Canadian Parliamentary Testimony | Foreign Interference in Canadian Elections
Distinguished members of the committee, good evening from Washington, DC, and thank you for inviting me. I was asked to discuss the collaboration of my organization, the Alliance for Securing Democracy at the German Marshall Fund of the United States, with Microsoft and the Government of Canada on a joint initiative, which brought together leading experts, policymakers, and industry professionals from around the world and produced a practical guide of best practices that key stakeholders in democracies can use to counter foreign interference in elections.
To provide some context to what motivated us to join this partnership, it’s worth briefly explaining the genesis of the Alliance for Securing Democracy. We launched in summer 2017 to put Russia’s interference in the 2016 US presidential election into context for American policymakers and offer solutions on how to better defend our democratic institutions and processes from autocratic threats—not just from Russian state-sponsored actors, but from China, Iran, and other authoritarians.
The name “Alliance” was very deliberate. What happened in the US didn’t occur in a vacuum. Over many decades, Russian interference has targeted numerous democracies, including several of Canada and the United States’ allies and partners in Europe. Autocrats’ tools of interference—including cyber operations, malign finance, and information manipulation, among others—have been refined to exploit modern technologies and target all sectors of democratic society. We knew that the Alliance for Securing Democracy had to play a role in facilitating the exchange of best practices between governments, companies, and civil society organizations, and to learn lessons from across sectors and national borders to offer guidance to policymakers to improve institutional vulnerabilities and strengthen democratic resilience.
In this regard, our partnership with the Government of Canada and Microsoft on combatting election interference, part of the French government’s Paris Call for Trust and Security in Cyberspace, was at the heart of what we do. The six workshops we conducted in 2020 examined what worked and what didn’t in different electoral environments, leading to the publication of a compendium of best practices in April 2021.
The compendium offers reminders of best methods to secure election infrastructure, best election administration procedures to ensure voting integrity during a pandemic, transparent ways of communicating with the public about threats to elections, and best practices in building citizen resilience to disinformation.
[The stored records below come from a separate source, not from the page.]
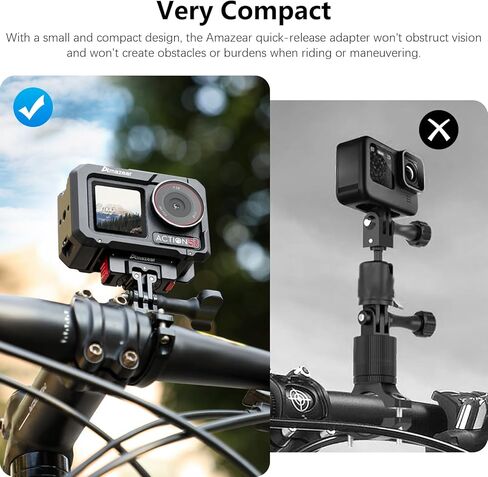 AMAZEAR Metal Magnetic Quick-Release Mount for DJI OSMO 360 Action 5 Pro Accessories, Upgraded Aluminum Alloy QR Adapter for Action 3/4 with Horizontal Rotation Fuction, Black-Red in Saudi Arabia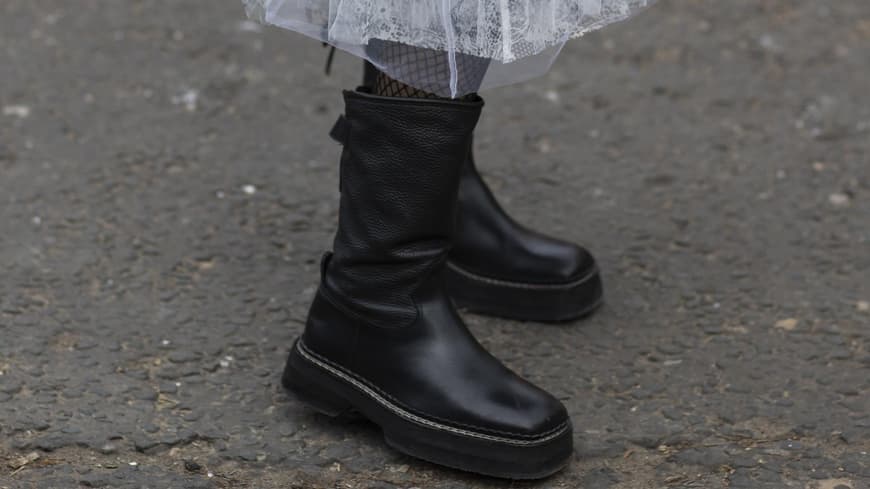 London Fashion Week Streetstyle schwarze Boots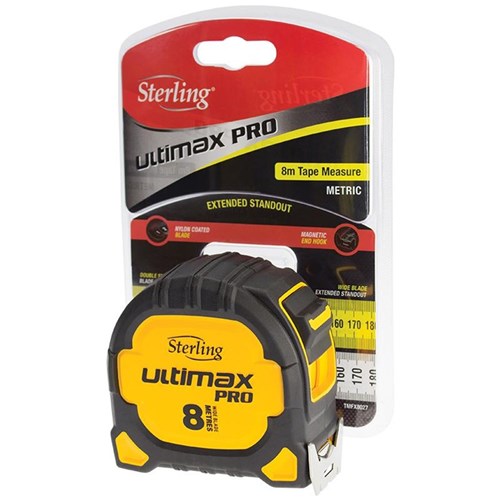 Ultimax Pro Tape Measure: 8m Metric Wide Blade - TMFX8027 by Sterling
It even highlights examples of Canadian good practice, including Canadian Heritage’s programs to fund civil society initiatives that promote citizen resilience to mis- and disinformation and the government-wide Critical Election Incident Public Protocol. If used as intended, Canada’s protocol should be an excellent model of transparency and communication with the public to reduce the likelihood of politicians manipulating threat information about election interference.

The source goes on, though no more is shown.